The Overseas Operation Bill would introduce stronger legal protections for UK soldiers serving abroad. But critics believe it will make overseas operations worse for victims of war crimes and for the UK’s standing in the world.
The UK government has pushed through a law that would shield the country’s soldiers from prosecution for murder or torture which occurred five years or more before an allegation is formally made.
The Overseas Operations Bill is being proposed as a necessary intervention to protect British troops from “vexatious” legal claims against their actions while deployed abroad.
The legislation would create a “triple lock" that includes a five-year statute of limitation against prosecutions for alleged offences, apart from rape or sexual violence.

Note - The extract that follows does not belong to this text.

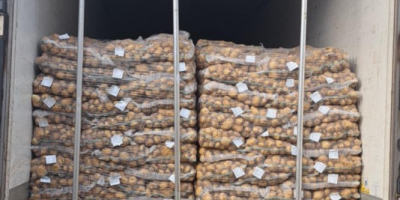 Hola tengo papas en bolsa grande y bolsa, si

Members of Parliament (MPs) debated the bill in the House of Commons on Wednesday and a majority of MPs voted it through to its next stage.
David Davis, a Conservative MP and former cabinet minister, said he was “deeply troubled by government plans to decriminalise torture by British personnel”.
Supporters of the bill are troubled that a number of former soldiers who are accused of the unlawful killing of Iraqi civilians following the 2003 Invasion have faced repeated criminal investigations that have dragged on for years.
Johnny Mercer, the minister for defence people and veterans, said the legislation would “put an end to lawfare” and help make the UK “the best place in the world to be a veteran”.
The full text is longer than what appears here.